Son gives his mother the gift of life with organ donation: 'I want her to experience grandchildren'
"I want her to be with all of us for a very long time," said Brian Muscarella.
In a reversal of fates, a mom in upstate New York has thanked her eldest son for giving the gift of life back to her.
Brian Muscarella, 33, of Lake View donated a portion of his liver to his mother Diane Muscarella of Buffalo, after learning that she was waiting on a transplant list. Now fully recovered, the two are sharing their story.
"I wanted her to be around," Brian Muscarella told ABC News. "I'm getting married next year and I want her to experience grandchildren. I want her to be with all of us for a very long time."
Brian said he asked doctors to screen him to see if he could be his mother's liver donor, after he learned about her condition. Diane had been diagnosed with non-alcoholic cirrhosis of the liver in 2010 and was placed on a transplant list three years ago.
"She sat us all down as a group, my brother, father, and told us what she was going through and the process of what she was exploring for medical treatments," he recalled. "We visually noticed she started to get thinner, didn't have as much energy and was tired quite often. We kind of knew something was going on."
Diane Muscarella told her family that she had been placed on the transplant list and that doctors at University of Pittsburgh Medical Center had given her options for treatment. She was told that a living donor was an option and gave her pamphlets to pass out to family and friends who might consider helping.
"I just started googling liver donations and reading through the information she had and I felt like it was something that I could handle doing physically and emotionally," Brian Muscarella said, adding that he reached out to the living donor coordinators and later began the screening process. He eventually learned that he was a perfect match.
Dr. Abhinav Humar, chief of the division of transplantation in the department of surgery at UPMC, performed the transplant surgery on Brian and Diane Muscarella on Feb. 29, 2017.
Humar told ABC News that this was not the first time he's seen a son-to-mother procedure.

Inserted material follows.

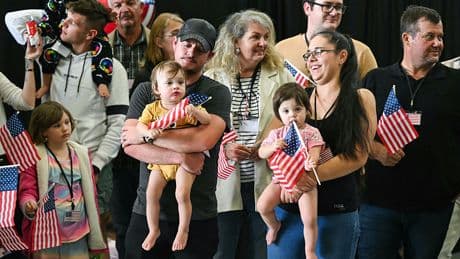 Afrikaners who fled to the U.S. are ‘cowards,’ says South African president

"We've also seen mother to son, brother to sister, cousin to cousin, co-worker to church member, to even complete strangers," the surgeon said.
Patients who have the most advanced liver disease are placed higher on the organ transplant waiting list, Humar explained. Because her condition was not as advanced as others, she likely would have been waiting a long time to get a transplant.

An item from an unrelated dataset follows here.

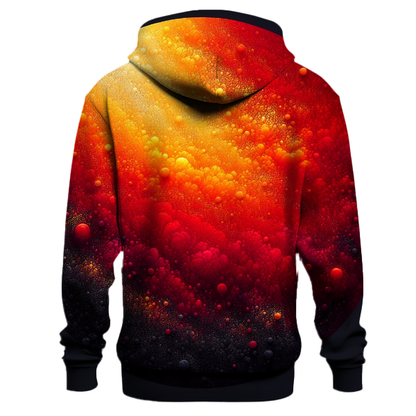 Fire Opal Glow Hoodie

"Certainly in Diane's situation, she was not sick enough to be at the top of the list," Humar said. "She was having problems related to the liver disease and she was low priority."
But the longer a person has to wait, the worse the condition can become.
"About 20 to 25 percent of patients that we put on the waiting list essentially die before they get to the top of that list," he added. "Living donations are a direct gift from an individual."
Unlike with some other organ donations, the liver regenerates within a very short time. Usually within a few weeks, it can grow back to full-size both in the donor and in the recipient, Humar said.
Brian's surgery took nearly six hours and his mother's took about eight hours. Brian was able to go home after a week and both he and his mom suffered no complications, Humar said. Diane remained in Pittsburgh the entire month of March during her recovery.
A year later, Brian is back participating in the sport of triathlon and he's playing hockey again. Diane said it's been 15 years since she's felt this good.
"She's happier and livelier overall and back to the person we all knew before she started to feel sick," Brian said about his mom. "She was always very supportive growing up and encouraged not only me, but my brother to chase after the things that we wanted to do. I think this was a way to give her the support she needed when she was not at her best."
Diane cried when talking about her son's gift, saying it made her feel, "very overwhelmed."
"Being here for Mother's Day, it's a blessing, to be honest, that I thought I was not going be able to see," she said. "I was on a donor list three years ago and there aren't many people on that list who are here today."
Diane is looking forward to celebrating her son Mark's wedding in October and Brian's wedding in June 2019.
"I never thought I would see the day and I'm more excited that I'm going to be around for grandchildren," she added.